Seemingly effortlessly, Oyeyemi produces astonishing, spellbinding passages such as this:
Bird really likes her bedroom. There are quite a few cobwebs in it and Bird has no intention of tampering with a single one of them, no matter how many times her mom says her room is a disgrace. At the very most Bird might dust a cobweb off with the tip of a feather, but only to keep it looking spick-and-span. A lot of the time there are tiny memorials on the walls, in the corner behind the wardrobe, little specks only Bird and the spiders understand the importance of. Flies and other weaker insects have fought epic battles against the spiders and they've lost, leaving behind them a layer of wing, or a thin black leg joint that holds to the wallpaper for as long as it can before drying out and peeling away. Bird enjoys the stealthy company of the spiders, and in all other respects her room is tidy. Her mom has asked her if she thinks she'll continue to enjoy the stealthy company of the spiders after one of them has taken a bite out her, and Bird answers: "We'll see." In the evening, when the street lamp just outside Bird's window switches on, the gray cobwebs quiver and glow around the blue moons. It's the kind of view that Bird doesn't mind risking a spider bite for.

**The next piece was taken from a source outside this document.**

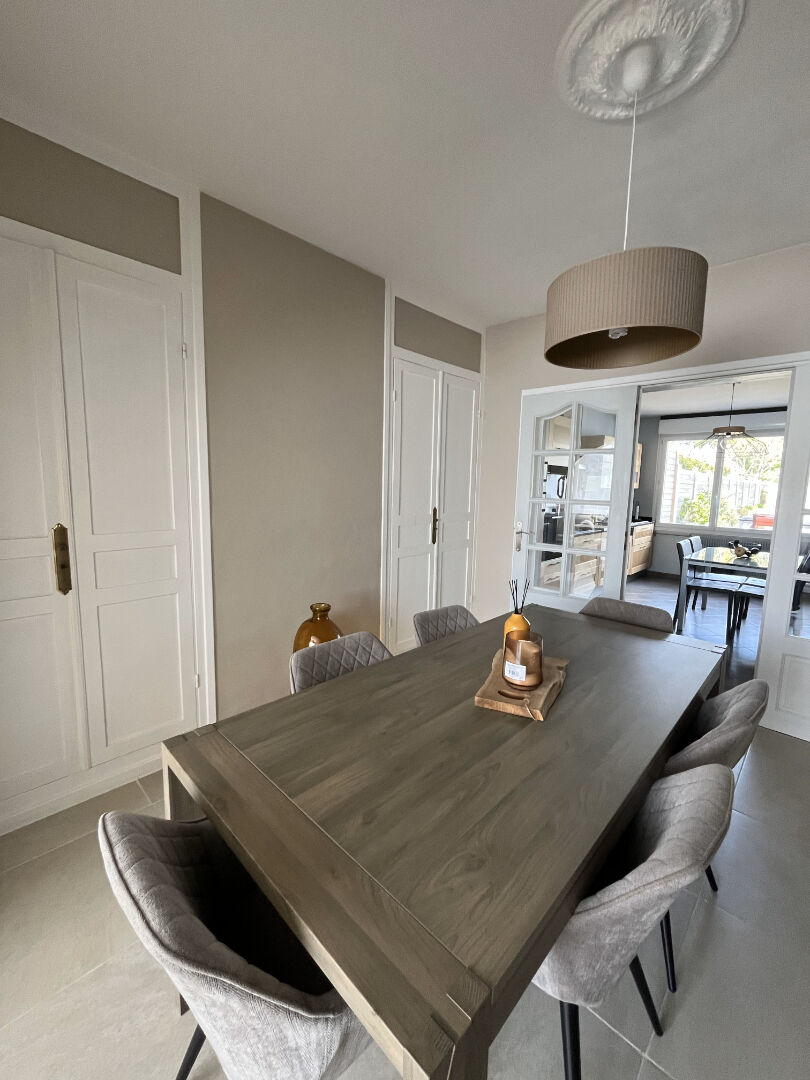 Grande maison de ville double distribution à Hazebrouck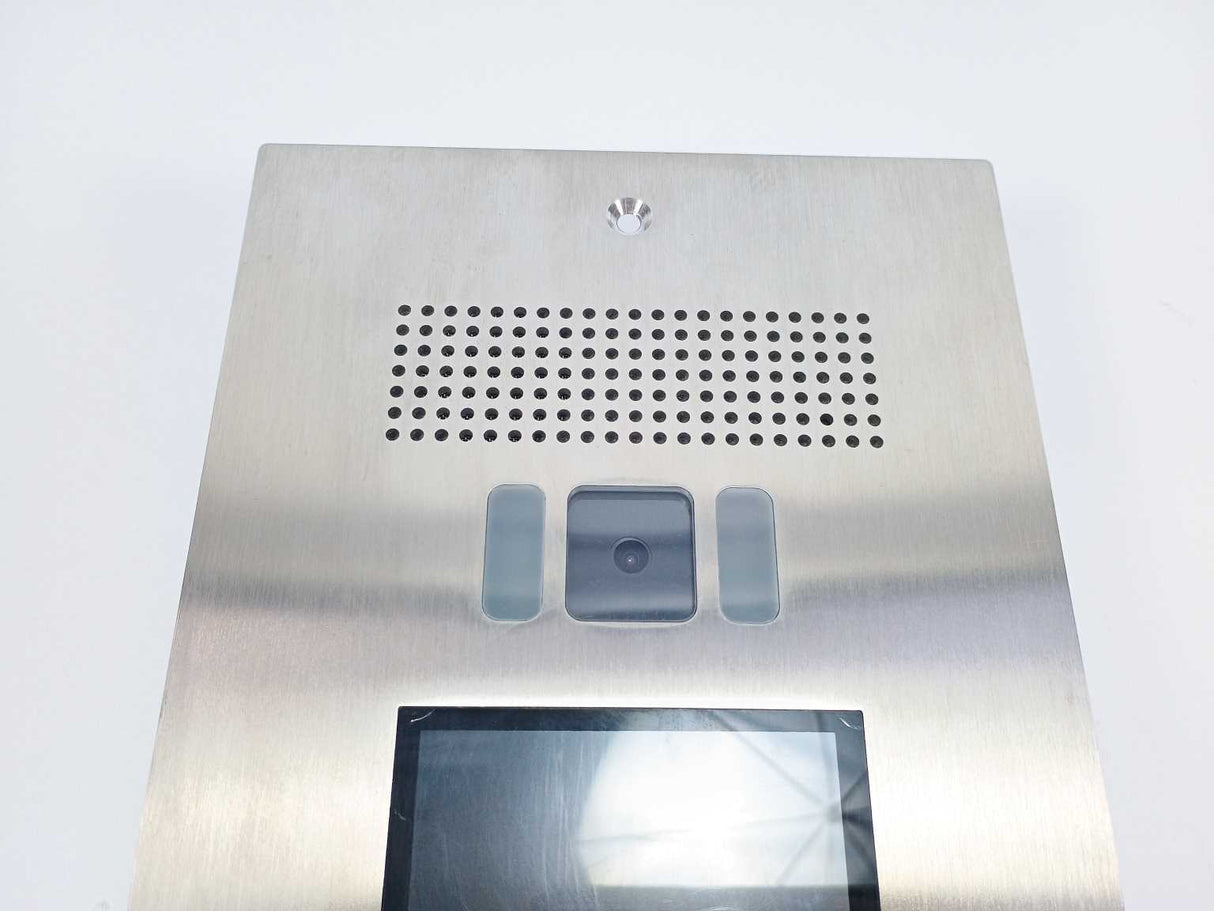 Golmar 7402/IP LCC video coded panel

Back when she used to say bedtime prayers, right after she'd prayed for her mom and her dad and her grandparents and the Chens and Aunt Mia and Snow and anybody who was sick or in trouble or all alone, Bird would throw in seven words for herself: Let spiders spin webs in my hair. It'd be great if they could be persuaded to spin little hats for her, dusty towers of thread that lean and whisper.
You'll never think about spiders the same way again, even if you yourself never come to enjoy their stealthy company.
I have no idea what Oyeyemi will do next; I have this feeling she's just getting started.
Keep your eyes open for her; she's worth your attention.